Locate the line bearing "Unit for sale" in the material below, then reproduce it and each following line up to and including the line bearing "2 Landfall Court".

RECORDS SHOWN:
........

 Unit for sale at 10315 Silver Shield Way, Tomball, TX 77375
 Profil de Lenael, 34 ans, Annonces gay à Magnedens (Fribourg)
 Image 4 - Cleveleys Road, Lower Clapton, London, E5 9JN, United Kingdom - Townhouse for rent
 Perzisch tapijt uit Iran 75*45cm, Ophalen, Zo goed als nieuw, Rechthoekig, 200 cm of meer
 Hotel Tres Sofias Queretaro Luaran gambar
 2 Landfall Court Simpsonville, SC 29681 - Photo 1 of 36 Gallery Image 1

........

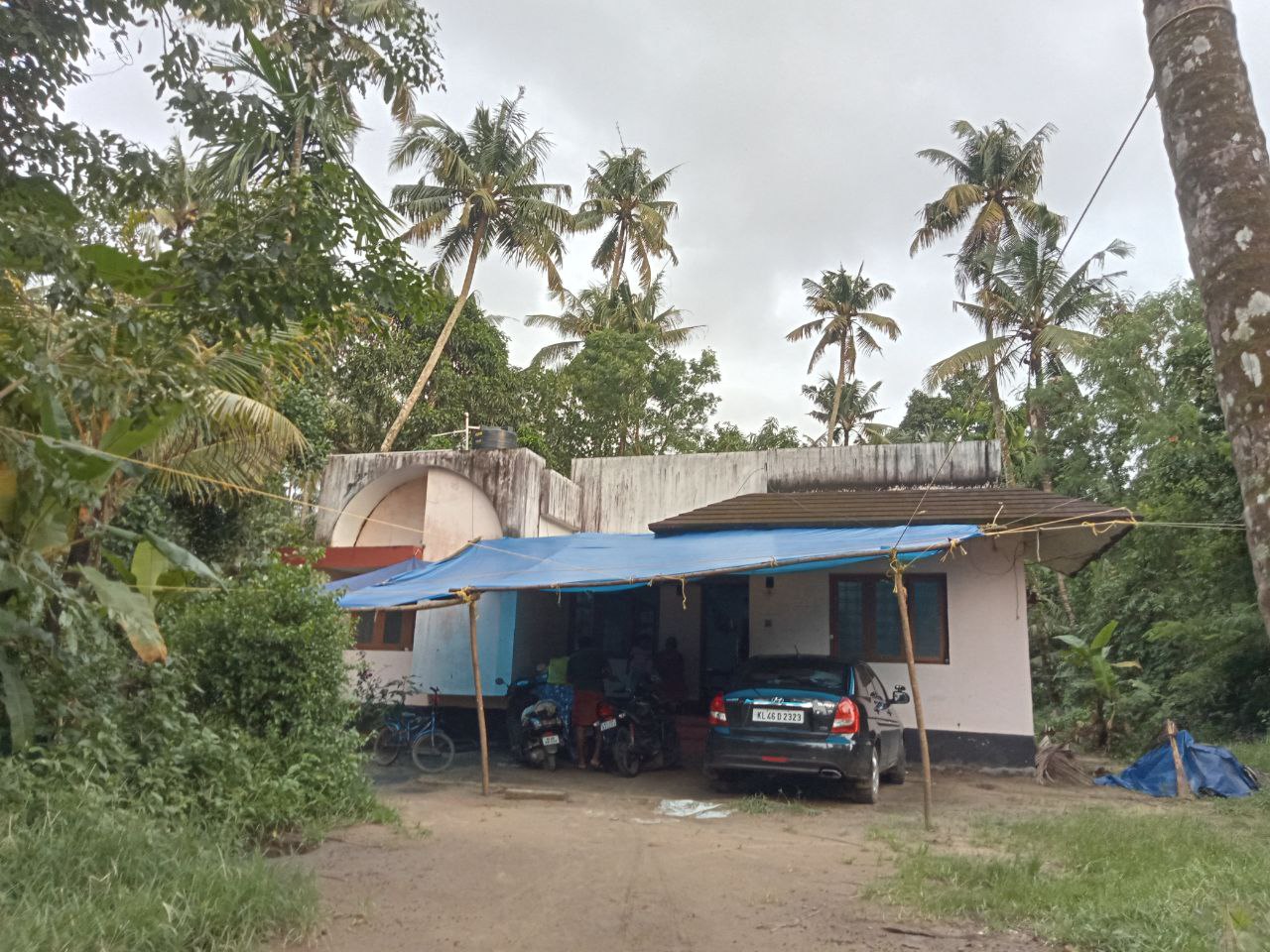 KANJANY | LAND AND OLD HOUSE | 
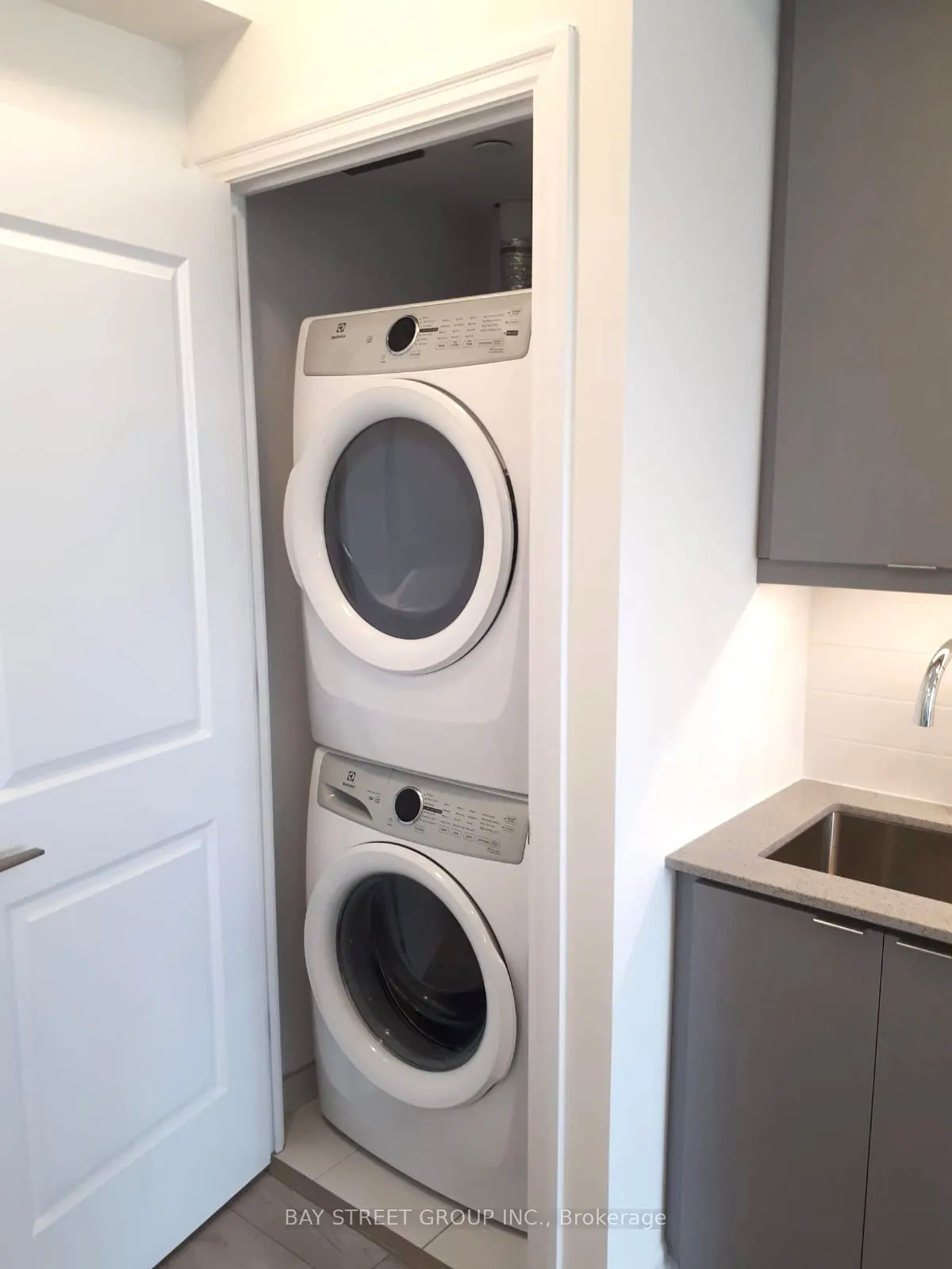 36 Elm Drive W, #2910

........

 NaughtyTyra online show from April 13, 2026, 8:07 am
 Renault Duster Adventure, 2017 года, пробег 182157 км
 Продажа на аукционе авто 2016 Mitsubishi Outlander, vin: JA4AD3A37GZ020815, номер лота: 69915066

........

FINISHED EXERCISE:
 Unit for sale at 10315 Silver Shield Way, Tomball, TX 77375
 Profil de Lenael, 34 ans, Annonces gay à Magnedens (Fribourg)
 Image 4 - Cleveleys Road, Lower Clapton, London, E5 9JN, United Kingdom - Townhouse for rent
 Perzisch tapijt uit Iran 75*45cm, Ophalen, Zo goed als nieuw, Rechthoekig, 200 cm of meer
 Hotel Tres Sofias Queretaro Luaran gambar
 2 Landfall Court Simpsonville, SC 29681 - Photo 1 of 36 Gallery Image 1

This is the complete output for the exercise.